INSIDE TUCSON BUSINESS
By: Patrick McNamara
June 28, 2012
It’s been more than two years in the making, and now the community visioning process called Imagine Greater Tucson has reached a milestone.
The group’s community survey has wrapped up, with more than 6,700 people participating.
“I think we got a good cross-section of the community,” said Patrick Hartley, program director for Imagine Greater Tucson.
Conducted through a series of workshops and online, the survey queried residents about their thoughts for future growth scenarios, the economy, environmental protection and the type of region they want Tucson to become.
From the survey results, Imagine Greater Tucson plans to construct one scenario that encapsulates what the community said. But that doesn’t mean picking one winner from the growth scenarios that people chose from, Hartley said.
“It has really showed us that people in the community are looking for choices,” he said.
For instance, the survey asked which of four growth scenarios presented were most agreeable to participants. Those included continued growth along the same lines as the past, suburbs and centers, new centers and urban centers.
Among the participants, 64 percent responded that urban centers were the most preferred scenario.
“I think there is an understanding among many people in the community that trends are changing and demographics are changing,” Hartley said, adding that younger residents increasingly want to live in areas with mixed-use development that are amenable to walking.
“People are really rethinking that model,” he said.
Mixed-used, similar to what formerly was called high-density development, has proven a difficult sell in the past, however.
“We support the ability to develop at high densities and mixed-use,” said David Godlewski, president of the Southern Arizona Home Builders Association. “We haven’t seen a track record or political will to do it.”
Godlewski points to the controversies over the Main Gate Overlay District in the City of Tucson as an example.
There, residents have been outspoken against high-density and mixed-use developments because of the potential impacts on traffic and views. The plan has allowed for buildings as tall as 14-stories to be built.
“This is exactly what Las Vegas did when it was in its boom cycle of growth (in the late 1980s through the 1990s),” said Mike Varney, Tucson Metro Chamber president and CEO.

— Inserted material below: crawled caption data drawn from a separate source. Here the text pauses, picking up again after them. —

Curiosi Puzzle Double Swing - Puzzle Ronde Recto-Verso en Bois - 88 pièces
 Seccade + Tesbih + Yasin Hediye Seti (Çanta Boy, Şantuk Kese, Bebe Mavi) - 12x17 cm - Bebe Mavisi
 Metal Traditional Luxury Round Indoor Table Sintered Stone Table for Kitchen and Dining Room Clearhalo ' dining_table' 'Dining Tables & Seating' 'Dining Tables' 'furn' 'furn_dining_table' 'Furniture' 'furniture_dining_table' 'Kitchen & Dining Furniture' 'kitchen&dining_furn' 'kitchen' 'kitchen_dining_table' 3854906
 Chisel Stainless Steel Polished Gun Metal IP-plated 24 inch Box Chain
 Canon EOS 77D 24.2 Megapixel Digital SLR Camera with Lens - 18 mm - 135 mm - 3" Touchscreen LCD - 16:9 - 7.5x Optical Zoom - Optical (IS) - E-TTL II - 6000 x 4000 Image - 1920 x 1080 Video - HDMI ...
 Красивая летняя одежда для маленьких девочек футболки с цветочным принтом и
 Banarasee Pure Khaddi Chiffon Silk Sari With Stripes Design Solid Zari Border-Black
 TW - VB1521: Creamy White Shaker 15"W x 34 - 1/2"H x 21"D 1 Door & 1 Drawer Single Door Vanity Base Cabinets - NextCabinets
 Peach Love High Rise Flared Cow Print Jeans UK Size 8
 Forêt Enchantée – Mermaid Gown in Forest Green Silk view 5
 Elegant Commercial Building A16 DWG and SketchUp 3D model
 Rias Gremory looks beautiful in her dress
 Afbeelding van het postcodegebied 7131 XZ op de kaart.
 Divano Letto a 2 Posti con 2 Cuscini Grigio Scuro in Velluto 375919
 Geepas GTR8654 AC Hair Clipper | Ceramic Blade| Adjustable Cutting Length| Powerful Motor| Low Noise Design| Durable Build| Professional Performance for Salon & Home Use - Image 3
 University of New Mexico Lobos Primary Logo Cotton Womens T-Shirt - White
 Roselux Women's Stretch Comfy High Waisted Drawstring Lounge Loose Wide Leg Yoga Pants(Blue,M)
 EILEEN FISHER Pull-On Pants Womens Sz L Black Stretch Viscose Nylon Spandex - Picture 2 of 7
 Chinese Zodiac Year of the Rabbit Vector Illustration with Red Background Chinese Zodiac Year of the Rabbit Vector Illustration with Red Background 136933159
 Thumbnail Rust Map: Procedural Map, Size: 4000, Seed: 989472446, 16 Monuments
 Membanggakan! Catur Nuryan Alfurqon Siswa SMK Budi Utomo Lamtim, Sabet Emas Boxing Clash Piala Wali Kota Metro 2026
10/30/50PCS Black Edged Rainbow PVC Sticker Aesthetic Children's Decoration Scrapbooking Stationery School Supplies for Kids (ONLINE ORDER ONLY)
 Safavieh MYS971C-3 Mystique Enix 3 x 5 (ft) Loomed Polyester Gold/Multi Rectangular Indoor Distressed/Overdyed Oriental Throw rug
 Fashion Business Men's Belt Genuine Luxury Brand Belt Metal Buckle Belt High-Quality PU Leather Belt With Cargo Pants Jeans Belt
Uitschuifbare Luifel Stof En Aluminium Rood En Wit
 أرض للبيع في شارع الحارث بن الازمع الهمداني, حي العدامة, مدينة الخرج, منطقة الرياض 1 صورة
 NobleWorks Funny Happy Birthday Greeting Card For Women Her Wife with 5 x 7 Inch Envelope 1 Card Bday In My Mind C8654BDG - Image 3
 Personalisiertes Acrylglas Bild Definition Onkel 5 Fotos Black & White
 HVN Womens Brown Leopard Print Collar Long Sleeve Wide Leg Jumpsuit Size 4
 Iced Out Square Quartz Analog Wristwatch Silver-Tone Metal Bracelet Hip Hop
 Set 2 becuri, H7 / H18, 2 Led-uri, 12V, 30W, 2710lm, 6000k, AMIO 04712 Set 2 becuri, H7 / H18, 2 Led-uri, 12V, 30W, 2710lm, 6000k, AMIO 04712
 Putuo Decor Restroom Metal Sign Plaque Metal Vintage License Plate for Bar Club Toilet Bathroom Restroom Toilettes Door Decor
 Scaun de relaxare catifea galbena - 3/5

Varney came to Tucson from a similar job in the Las Vegas area, where he said the community embraced an effort to alter the patterns of growth in the region that had for many years, like the Tucson area, favored continued outward sprawl.
Instead, attempts were made to minimize sprawl by building higher-density developments and focusing on urban core areas.
“It was a very different model of home building but it became the norm,” Varney said.
Imagine Greater Tucson participants strongly supported the idea of higher-density development.
Another survey question, which asked whether people would prefer to live among greater density areas if sensitive lands were preserved or in lower density with less environmental preservation, showed similar results.
By a margin of 81 percent to 19 percent, survey participants chose the higher-density option.
Survey results also showed that respondents were equally receptive to the idea of putting new businesses downtown in redeveloped commercial centers. Only seven percent of survey respondents supported concentrating new business development in the outskirts of the region.
Other questions in the survey included asking participants to rank which items were most important to them from a list including a vibrant downtown, availability of single-family housing and less travel time, among others.
Participants ranked clean and sustainable water resources as most important, with 83 percent putting it at the top of the list. Clean air was the second most important with 75 percent and conservation of the natural environment had 70 percent of the vote.
On transportation issues, participants overwhelmingly supported the idea of building a regional rail system. That issue garnered 51 percent support.
Survey participants were equally split in support for more road widening, improved bicycle infrastructure and expanding the bus system, each with 40 percent support.
Least popular on that list was building more roads, with 27 percent support, and adding more lines to the modern streetcar system, with 28 percent support.
Whether the effort will find its way into government code remains to be determined.
Hartley said the individual jurisdictions would have to decide whether the survey results and forthcoming scenario documents fit their community visions.
“This is not Imagine Greater Tucson’s vision,” Hartley said. “This is a vision from the residents of the community for the region’s future.”